The older boy frowned at his classmate. “Look for another way out.”

There wasn’t one. Chris knew that. After the last time the city had cleared the vagrants out, they’d done an even better job of sealing off all the entrances and exits. 

“What are you going to do?” His classmate looked at Chris, hesitating.

The bigger boy grinned. “Move this little piece of shit out of the way.” 

* * *

Chris missed a week of school. His first day back, the tingle of her presence was absent from all her usual haunts, and her scent was old. 

City workers boarded the train station up again—this time with metal bars.

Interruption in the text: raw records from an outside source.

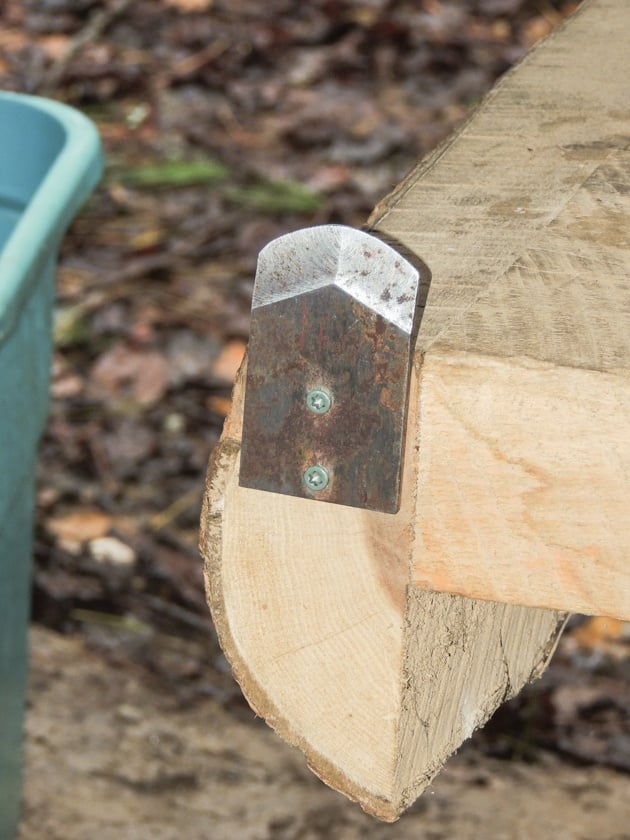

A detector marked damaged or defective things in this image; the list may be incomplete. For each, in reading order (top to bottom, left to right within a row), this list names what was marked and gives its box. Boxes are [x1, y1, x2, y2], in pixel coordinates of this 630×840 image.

rusty metal bracket [239, 225, 422, 512]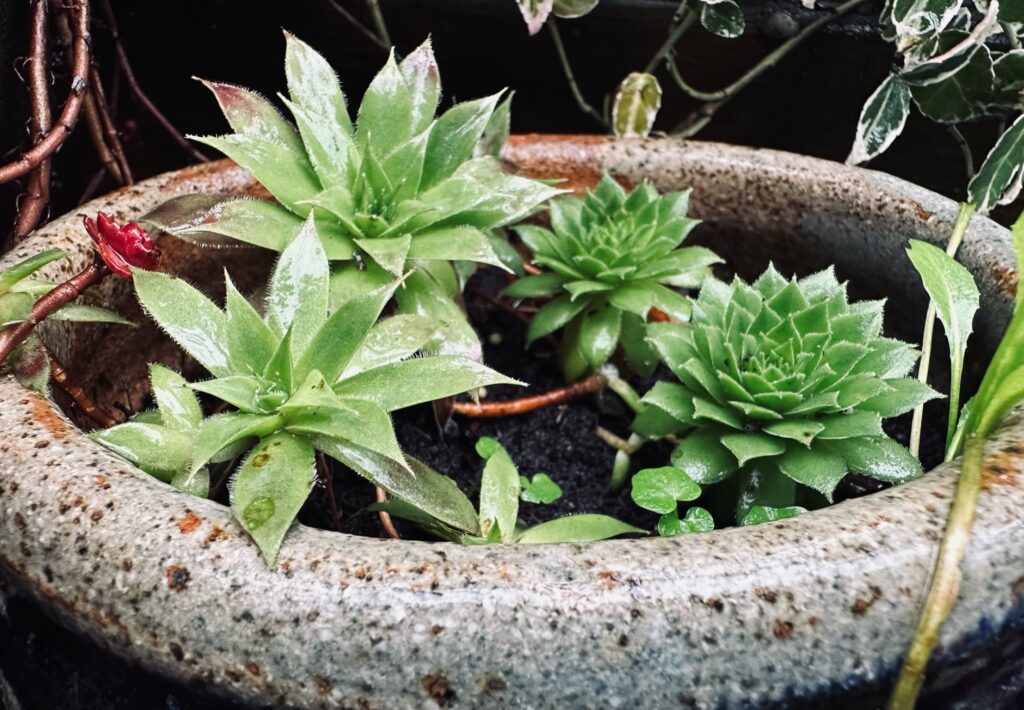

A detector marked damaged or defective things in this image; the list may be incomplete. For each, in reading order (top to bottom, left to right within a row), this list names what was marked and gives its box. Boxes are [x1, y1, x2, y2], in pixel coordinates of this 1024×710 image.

rust stain on pot [177, 510, 202, 532]
rust stain on pot [166, 561, 191, 590]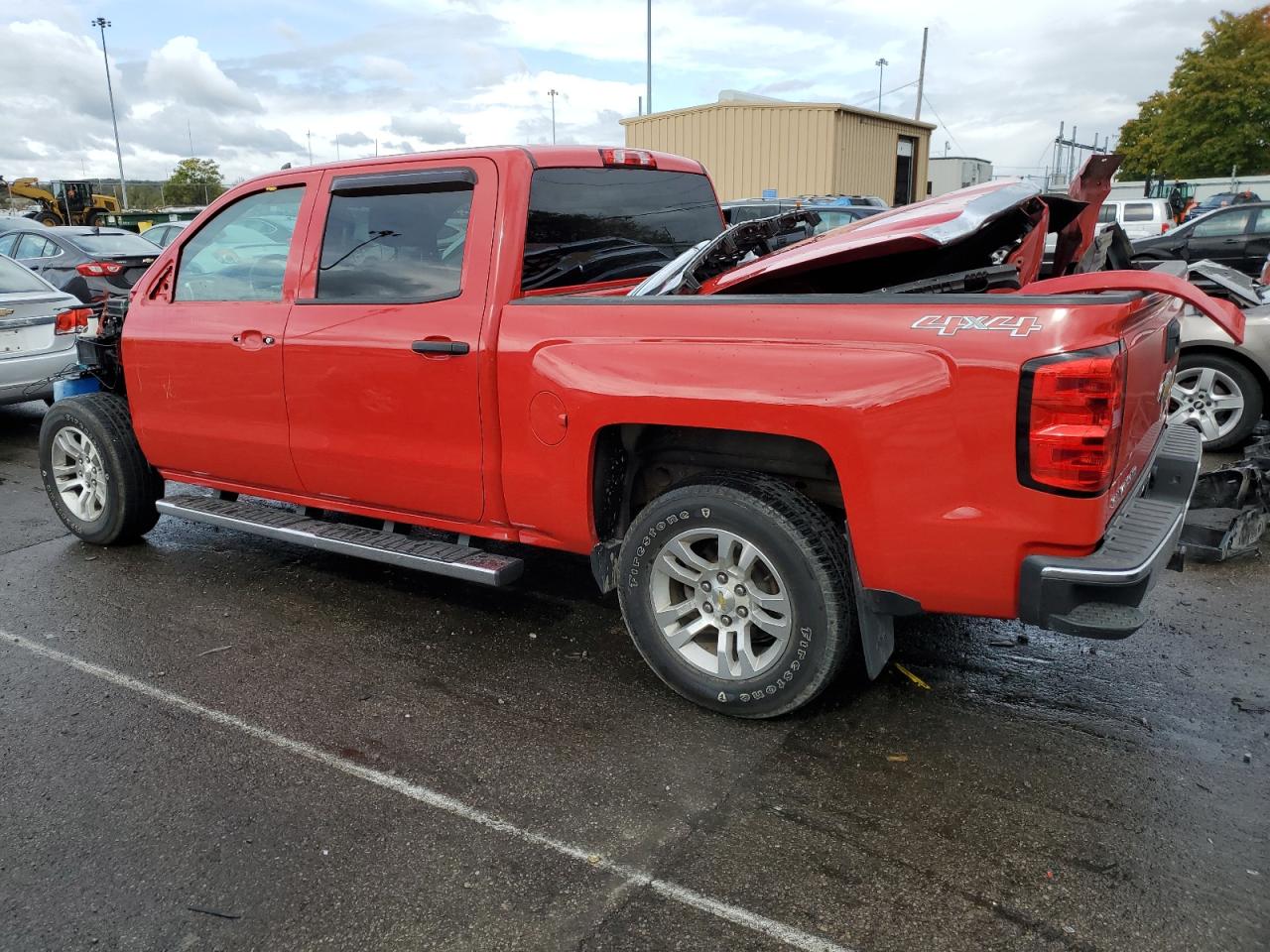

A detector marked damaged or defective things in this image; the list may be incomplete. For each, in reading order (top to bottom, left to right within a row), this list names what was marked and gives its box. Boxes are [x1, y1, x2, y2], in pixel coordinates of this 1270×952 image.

He finally got up the courage to go into the office, waiting until the secretary who always smiled at him was at the counter. 

“Ofelia?” She squinted at his whispered request. He nodded, stumbling over her last name. “Adjei.”

She rifled through her desk for a file. “Oh. Yes. I prepared her transfer paperwork.”

A great big hole opened in his chest and sucked his lungs into it. He tried to speak, failed, and tried again.

She smiled, a little curious, a little worried. “Last week. It was a bit of a rush.”

“Do you know…why…what school she went to?”

“Some fancy boarding school in Switzerland.” The secretary shrugged, puzzled. “Her father was called back into service. A former embassy official, you know. Swiss.”

Gone. Ofelia was gone.

She frowned. “You look a little pale. Would you like me a note to your teacher so you can go to the infirmary?”

Chris shook his head. He didn’t even look at the decrepit old train station on his way home. All the magic that mattered in his life was gone.